Boeing revealed that three test flights of it's protoype hydrogen powered plane took place in February and March 2008 at the company's European research centre near Madrid.
This is thought to be the first manned plane to be powered by hydrogen fuel cells, converting it through a chemical reaction into electricity and water. The process creates no carbon pollution making it infinitely greener than conventional combustion engines.
Development time: five years
Speed: during test flights the plane flew at 60mph for 20 minutes.
Boeing sounded a note of caution warning that it is unlikely that hydrogen cells could generate enough energy to power large passenger planes.
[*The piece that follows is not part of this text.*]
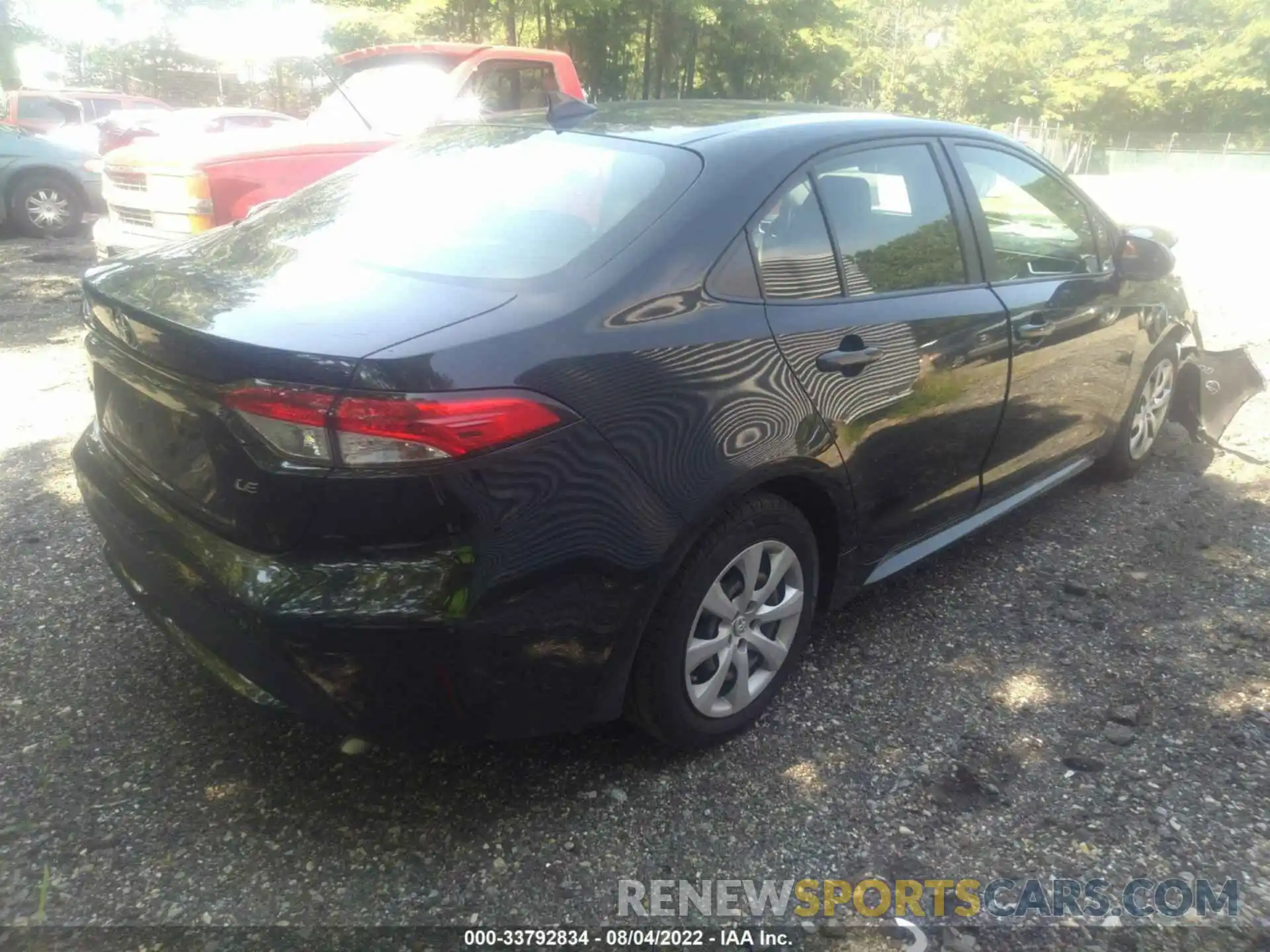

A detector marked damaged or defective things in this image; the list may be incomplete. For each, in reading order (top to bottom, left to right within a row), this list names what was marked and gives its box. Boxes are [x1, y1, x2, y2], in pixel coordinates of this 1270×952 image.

damaged front fender [1163, 345, 1265, 446]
The prohibitive issue is storage. Hydrogen contains just a quarter of the energy as the same volume of jet fuel (kerosene), which means that planes could fly long distances only if they were filled with gas, rather than passengers or cargo. However, advocates of hydrogen airplanes argue that although hydrogen does indeed demand more onboard fuel storage space than kerosene, it also enjoys a huge aeronautical advantage - it contains three times as much energy per unit of weight as kerosene, and the weight saved in stored fuel can contribute to an increased passenger capacity. Therefore, hydrogen planes might in the future be larger than conventional passenger air liners, with increased fuel volume stored in a raised upper fuselage.
Because hydrogen is a compact and relatively light source of power the US military has been developing hydrogen-powered drones.